Wikipedia tells us that the movie made was not the movie originally written ...
Many critical script alterations were written as filming progressed, according to Stephen Tobolowsky, who played Ned Ryerson. "When I got the part, it was still kind of a mediocre Bill Murray movie," he said. "You know, Bill Murray, with no consequences, in comic situations ... It wasn’t until we got into the shooting that everything turned on its head. And it became not only a good movie, not only a great movie, but a classic.
https://en.wikipedia.org/wiki/Groundhog_Day_(film)
Posted by: Speed | Thursday, 02 February 2017 at 02:12 PM
One of my favorite movies ... It inspired this a couple of years ago:
https://www.flickr.com/photos/paulpomeroy/15802505514/
Posted by: Paul Pomeroy | Thursday, 02 February 2017 at 02:52 PM
Today, Groundhog Day, is my wife's and my wedding anniversary. Yes, it was intentionally chosen. In part due to the movie and in part because of the date on which we married. 222002 Easy for me to remember!
As a side note, both of us are avid serious amateur photographers.
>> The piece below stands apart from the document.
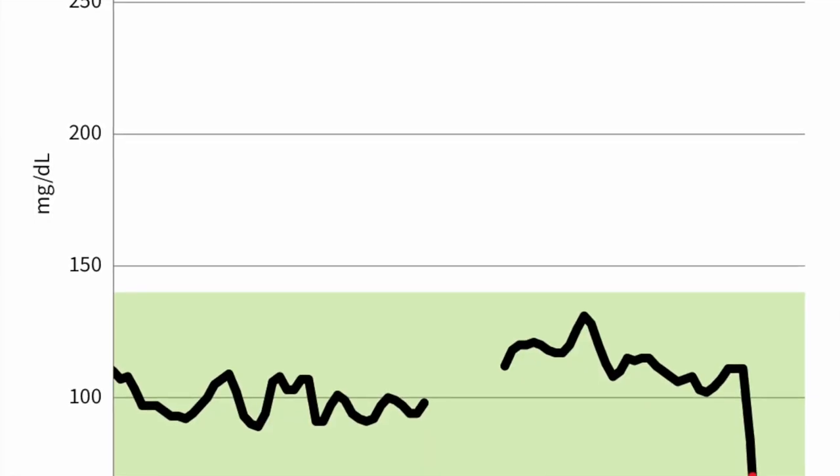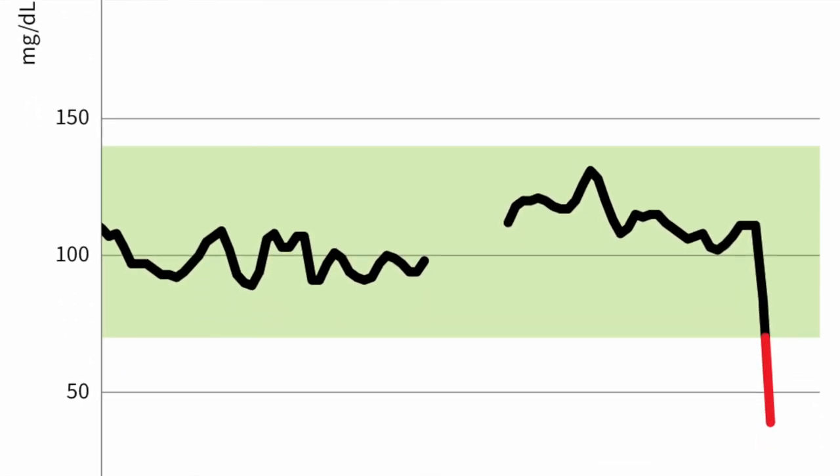Hello everyone — it is day 14 and the end of our Freestyle Libre sensor lifespan. I ran into a doorway and ripped out my sensor, so I'll attach a scan of what the sensor reading looks like — it looks like I literally dropped off a cliff. Typically what I do when I swap out sensors is I switch arms, so we'll put the new one in on my left arm and continue the cycle. This is a great product. If you're not already using a continuous glucose monitor of some kind, I highly recommend Abbott Laboratories Freestyle Libre — it works with your phone and can be a great addition to your diabetes management.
We were married on 222002, at the South Rim of the Grand Canyon, at sunset. Also VERY intentional!
I am a native of Oak Park, Illinois and am very familiar with Woodstock. As you well know, it is no longer a sleepy little town in the country, away from the hustle and bustle of Chicago. I know why you moved to where you are today. A most sylvan area of the USA that will not be, hopefully, suburbanized for a long, long time.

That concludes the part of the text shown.